Set down, exactly and in full, the line holding "Caltric Brand New" and all the lines after it until the listing ends, and nothing else.

- [Supplied data]
● ● ● ●

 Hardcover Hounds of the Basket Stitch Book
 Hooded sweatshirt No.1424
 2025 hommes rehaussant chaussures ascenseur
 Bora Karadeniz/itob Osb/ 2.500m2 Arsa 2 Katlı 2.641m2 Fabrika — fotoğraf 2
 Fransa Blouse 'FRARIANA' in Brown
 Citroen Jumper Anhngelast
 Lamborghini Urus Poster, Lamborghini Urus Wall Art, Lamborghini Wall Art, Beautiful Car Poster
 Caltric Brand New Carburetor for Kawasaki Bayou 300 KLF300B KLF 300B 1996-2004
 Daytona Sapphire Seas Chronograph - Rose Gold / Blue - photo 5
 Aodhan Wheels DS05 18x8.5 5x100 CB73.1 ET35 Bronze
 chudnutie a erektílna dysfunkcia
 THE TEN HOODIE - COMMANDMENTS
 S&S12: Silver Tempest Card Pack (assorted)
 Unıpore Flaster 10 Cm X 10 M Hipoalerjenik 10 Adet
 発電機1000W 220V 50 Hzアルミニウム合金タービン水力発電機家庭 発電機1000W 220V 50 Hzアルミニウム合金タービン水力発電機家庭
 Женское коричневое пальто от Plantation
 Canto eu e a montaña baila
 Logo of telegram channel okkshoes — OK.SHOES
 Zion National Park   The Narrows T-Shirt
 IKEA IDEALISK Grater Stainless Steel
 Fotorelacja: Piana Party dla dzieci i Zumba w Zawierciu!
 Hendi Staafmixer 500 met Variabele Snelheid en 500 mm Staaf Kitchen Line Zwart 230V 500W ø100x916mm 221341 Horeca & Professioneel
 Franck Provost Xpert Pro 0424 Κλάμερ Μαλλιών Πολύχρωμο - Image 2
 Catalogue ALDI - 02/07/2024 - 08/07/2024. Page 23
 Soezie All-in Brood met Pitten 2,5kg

● ● ● ●

- [Problem solution]
 Caltric Brand New Carburetor for Kawasaki Bayou 300 KLF300B KLF 300B 1996-2004
 Daytona Sapphire Seas Chronograph - Rose Gold / Blue - photo 5
 Aodhan Wheels DS05 18x8.5 5x100 CB73.1 ET35 Bronze
 chudnutie a erektílna dysfunkcia
 THE TEN HOODIE - COMMANDMENTS
 S&S12: Silver Tempest Card Pack (assorted)
 Unıpore Flaster 10 Cm X 10 M Hipoalerjenik 10 Adet
 発電機1000W 220V 50 Hzアルミニウム合金タービン水力発電機家庭 発電機1000W 220V 50 Hzアルミニウム合金タービン水力発電機家庭
 Женское коричневое пальто от Plantation
 Canto eu e a montaña baila
 Logo of telegram channel okkshoes — OK.SHOES
 Zion National Park   The Narrows T-Shirt
 IKEA IDEALISK Grater Stainless Steel
 Fotorelacja: Piana Party dla dzieci i Zumba w Zawierciu!
 Hendi Staafmixer 500 met Variabele Snelheid en 500 mm Staaf Kitchen Line Zwart 230V 500W ø100x916mm 221341 Horeca & Professioneel
 Franck Provost Xpert Pro 0424 Κλάμερ Μαλλιών Πολύχρωμο - Image 2
 Catalogue ALDI - 02/07/2024 - 08/07/2024. Page 23
 Soezie All-in Brood met Pitten 2,5kg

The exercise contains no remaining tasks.